LETTRE DU PAPE PAUL VI
À MONSIEUR RENÉ MAHEU,
DIRECTEUR GÉNÉRAL DE L’UNESCO POUR LA
8e JOURNÉE MONDIALE DE L'ALPHABÉTISATION*
A Monsieur René Maheu
Directeur Général de l’UNESCO
Au moment où l’UNESCO, au terme de son programme mondial de dix ans, engage une nouvelle phase de sa lutte contre l’analphabétisme, Nous voulons redire tout l’intérêt que l’Eglise et le Saint-Siège portent à ce problème mondial, confirmant ainsi l’action poursuivie au cours des siècles et en bien des régions pour la promotion culturelle des peuples, auprès des adultes comme des jeunes.
L’homme désire naturellement savoir: la connaissance le fait accéder à un rapport nouveau avec la nature; elle lui donne surtout des possibilités renouvelées de dialogue avec ses semblables. La diffusion généralisée d’une instruction de base vise donc à remédier aux inégalités et aux discriminations sociales, à permettre l’accès aux responsabilités dans la vie privée et collective, à favoriser une meilleure compréhension entre les générations, contribuant ainsi à établir des conditions de communication authentique entre les hommes.
Malgré les efforts déjà accomplis, le problème reste grave et urgent, en raison de la croissance démographique et des charges accrues que les exigences d’une alphabétisation plus poussée imposent aux nations. Certes, le travail important effectué par l’UNESCO au cours des dernières années fournit une base solide de recherches et d’expérimentations. Profitant de l’expérience acquise, il convient de promouvoir maintenant une action plus large, s’adressant sans discrimination à toutes les catégories des populations. La responsabilité de telles entreprises relève alors d’une manière spéciale des autorités nationales: il leur revient de diriger les investissements et les priorités éducatives, tout en demeurant largement ouvertes au concours des initiatives privées qui s’offrent pour contribuer, de manière désintéressée, à l’effort commun. Depuis longtemps, l’Eglise a su prendre sa part dans ce service des plus déshérités, là en particulier où la pauvreté règne en maître, là où il n’y a pas à espérer de profit matériel, mais où la joie de voir l’homme, «debout», devenir participant de sa propre éducation, améliorer lui-même la qualité de sa vie et en découvrir enfin le sens dernier, est la seule récompense de ceux qui reconnaissent en tout être humain une image du Créateur.

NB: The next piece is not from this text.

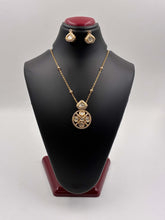 Kundan Royale Round Designer Pendant Set
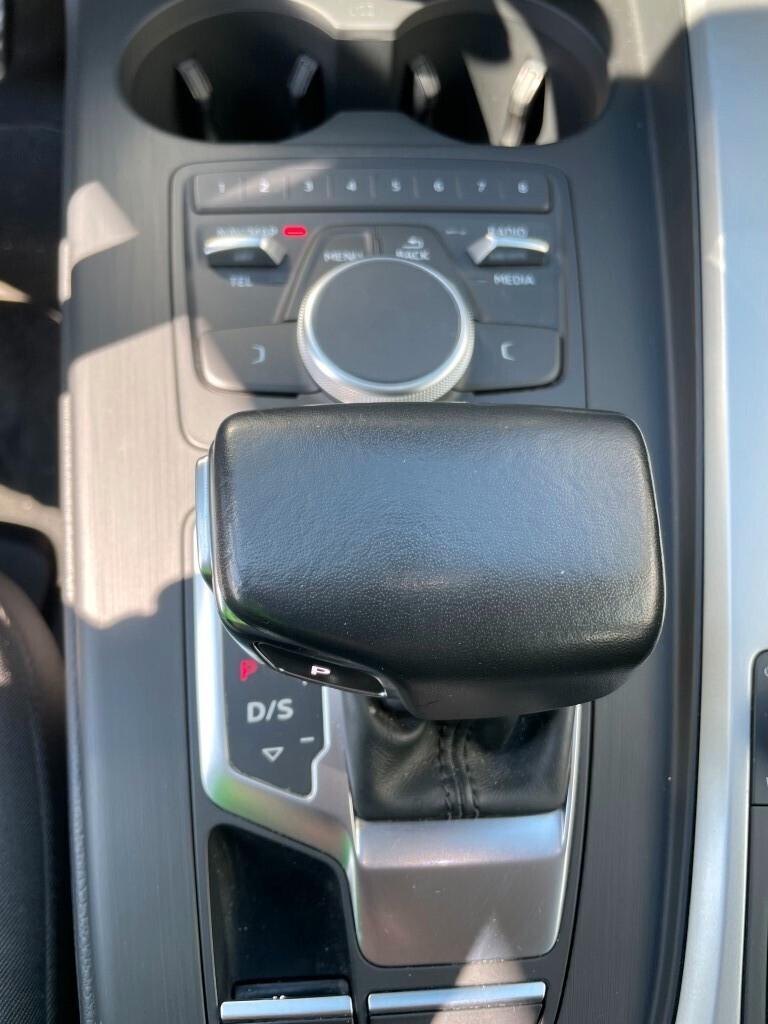 Audi A4 2.0 TDI 150 CV ultra S tronic Business Sport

Dans ce domaine privilégié de la collaboration humaine, les besoins demeurent immenses. Leur satisfaction devrait être un objectif prioritaire de la politique intérieure comme de la coopération internationale.

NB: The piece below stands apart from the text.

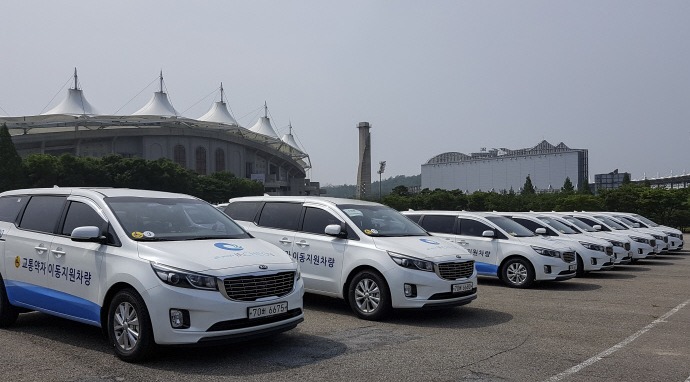 "2시간 전 예약해도 배차 안 돼" 교통약자 이동권 실종된 장애인콜택시 "2시간 전 예약해도 배차 안 돼" 교통약자 이동권 실종된 장애인콜택시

Comment ne pas s’étonner, alors, en considérant l’importance que tant de pays, - même parmi ceux qui sont en voie de développement -, accordent unilatéralement à la recherche d’une croissance économique purement matérielle, ou bien plus encore, de manière désastreuse, à des dépenses militaires qui contribuent si souvent à rendre précaires la paix et la sécurité? Comment ne pas rappeler surtout la grave obligation morale, pour les dirigeants des nations riches, de faire prendre conscience à leurs compatriotes du grave devoir de se sentir solidaires des peuples défavorisés, de les aider de manière désintéressée et d’inclure cette aide dans leurs programmes économiques au lieu de chercher constamment, sur le plan national ou international, à tirer le meilleur profit de leurs investissements?
La coopération internationale doit donc s’effectuer dans un esprit de sincérité, de service désintéressé, dans le respect des spécificités culturelles de chaque peuple, avec la volonté d’éviter tout ce qui serait recherche indue d’influente ou forme subtile de domination.
C’est pourquoi Nous saluons et Nous encourageons la création envisagée d’une «Fondation internationale pour l’alphabétisation». Nous espérons qu’elle permettra d’apporter aux moins favorisés, dans le cadre de la deuxième Décennie du développement, l’aide désintéressée dont ils ont besoin, tout en fournissant aux pays les plus riches un moyen d’agir qui évite le plus possible l’esprit de rivalité ou de domination.
Dans ces perspectives, Nous saisissons l’occasion de la célébration de la Journée internationale de l’alphabétisation pour formuler de nouveau nos vœux les meilleurs pour le développement de cette grande œuvre de fraternité humaine sur laquelle Nous invoquons, ainsi que sur tous ses ouvriers, l’abondance des divines bénédictions.
PAULUS PP. VI
7 septembre 1974
*AAS 66 (1974), p.496-498;
Insegnamenti di Paolo VI, vol. XII, p.802-804;
OR 8.9.1974, p.1;
ORf n.37 p.3;
La Documentation catholique n.1662 p.855-856.